### Entries shown ###

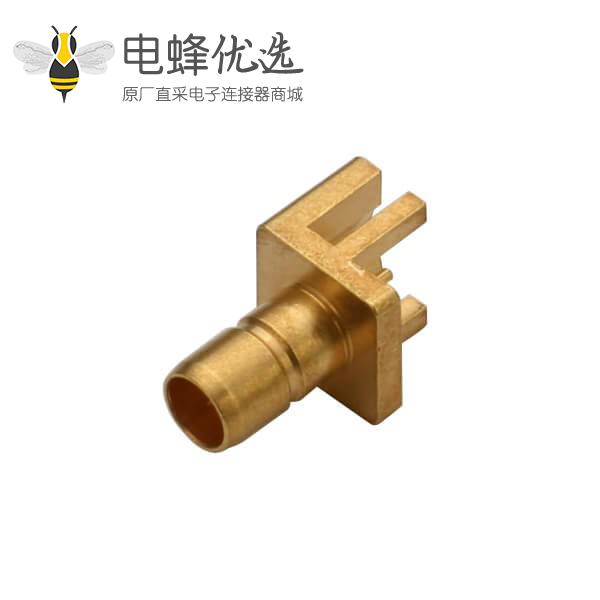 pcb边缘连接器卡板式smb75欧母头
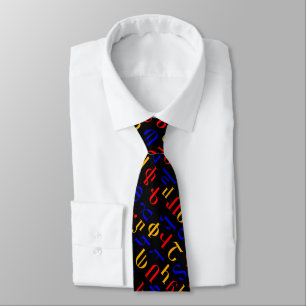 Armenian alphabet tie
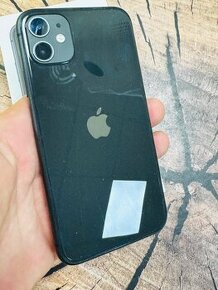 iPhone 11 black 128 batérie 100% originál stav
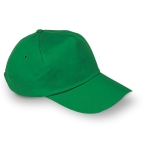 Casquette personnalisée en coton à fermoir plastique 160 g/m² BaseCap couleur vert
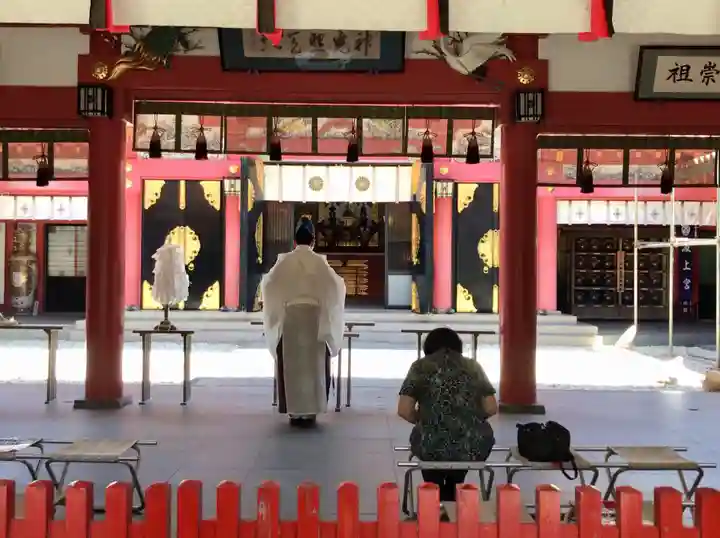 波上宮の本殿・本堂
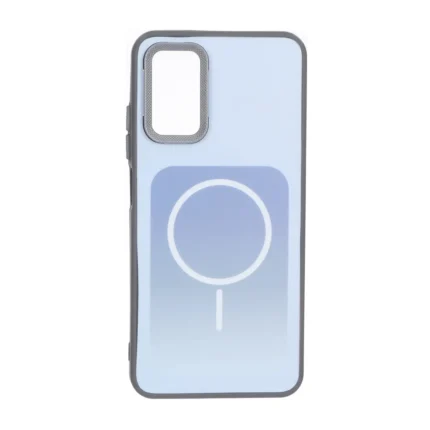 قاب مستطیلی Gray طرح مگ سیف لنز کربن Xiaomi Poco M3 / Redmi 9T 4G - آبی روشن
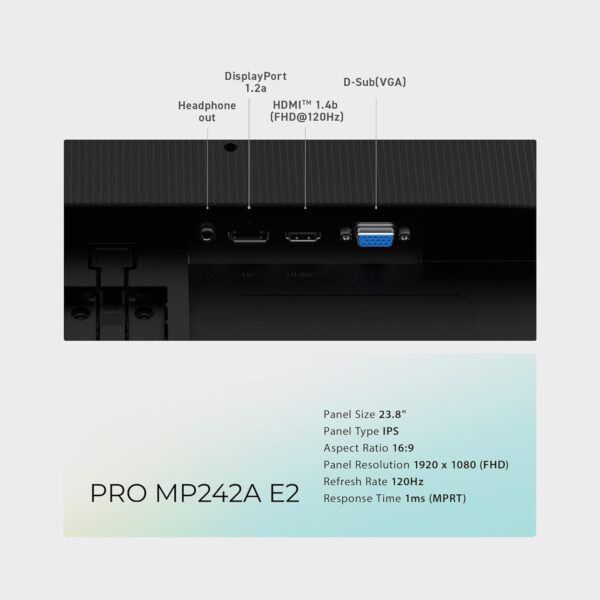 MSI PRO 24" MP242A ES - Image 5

###

▶ _What you have to do_: Although the records contain pictures, the copy should hold only their text, reproduced exactly.

▶ _Answer to the exercise_:
 pcb边缘连接器卡板式smb75欧母头
 Armenian alphabet tie
 iPhone 11 black 128 batérie 100% originál stav
 Casquette personnalisée en coton à fermoir plastique 160 g/m² BaseCap couleur vert
 波上宮の本殿・本堂
 قاب مستطیلی Gray طرح مگ سیف لنز کربن Xiaomi Poco M3 / Redmi 9T 4G - آبی روشن
 MSI PRO 24" MP242A ES - Image 5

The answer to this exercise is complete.